In this super connected marketing landscape we find ourselves in there’s never been more ways to get a sales message to a consumer.
It really is astonishing: we’ve got an avalanche of content hitting our inboxes (and lets face it, today we all have multiple inboxes), we’ve got content endlessly popping up in our Twitter, Facebook, LinkedIn and Instagram feeds, we’re even targeted with in-app messaging. You can run – but you can’t hide.
Big data – big deal.
It’s no surprise then that marketers get really excited with the tech – how the messages are delivered, and the data that can be mined from the consumer interaction with that message. Why wouldn’t you be excited? Because all that lovely data can be used to target the consumer with even greater levels of accuracy going forward.

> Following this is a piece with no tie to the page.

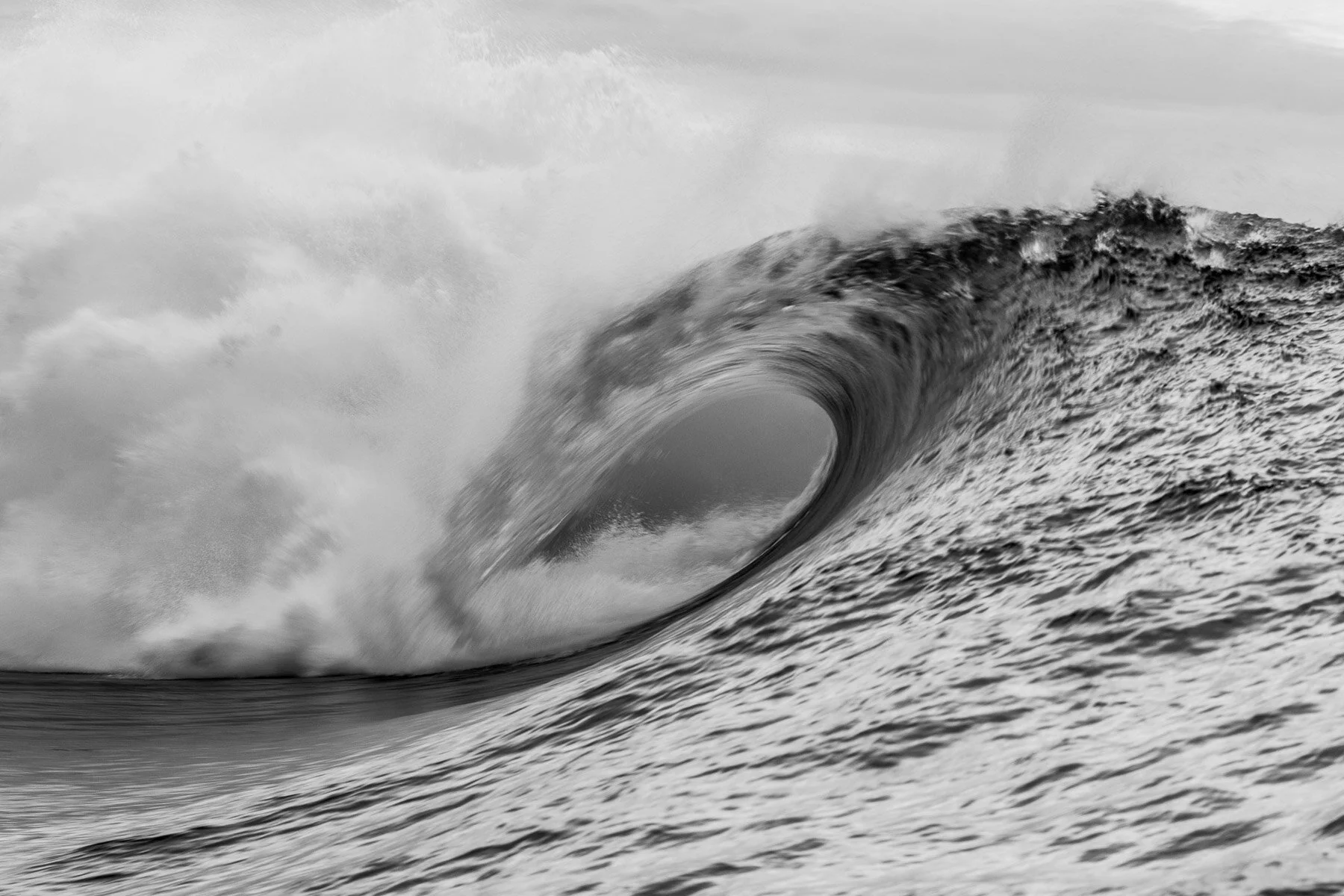 Beau_Pilgrim_Photography_Black_&_White-17.jpg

It’s wonderful, miraculous even. Enough to get even the most battle hardened brand manager frothing at the mouth and high-fiving in their office suites in Slough – but are we all forgetting something?
The medium isn’t the message.
The message is the message. Having all of those wonderful delivery systems doesn’t amount to a hill of beans if the message itself isn’t compelling.

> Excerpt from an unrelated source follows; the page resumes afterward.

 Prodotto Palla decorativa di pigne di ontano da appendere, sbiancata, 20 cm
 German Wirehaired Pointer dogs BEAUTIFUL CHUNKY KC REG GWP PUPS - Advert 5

Today’s buzzword is ‘conversation’. So the question is – what are we going to talk about?
Have a point-of-view.
Figure out what you’re going to say, how you’re going to say it, but most important of all – understand why what you’re saying is relevant to the consumer.
One of the best pieces of advice I ever had is: figure out what difference your product or service will make to the life of the person you’re targeting. It’s not enough to tell them what you do, you have to illustrate why what you do will make a difference to them – make them care.
Which is why, every single piece of communication needs an idea, and that idea is usually driven by a consumer insight.
Insights are your friend.
Let’s take the most basic of consumer insights: Working mums are time poor. The pressure point is clear: Time. That’s a platform from which to start creating. Remember, you’re talking to people – so there’s always an insight.
Ultimately you want the consumer to believe that you understand them, you ‘get them’. Their problems – their issues. And you might just have an answer.
So, be insightful, find the pressure point and create from that point of view. Do that and all those wonderful delivery systems will suddenly be dropping something of value into that inbox or Facebook newsfeed – a message the consumer can engage with.
Oh, and remember the one thing this blogger seems to have forgotten – be brief.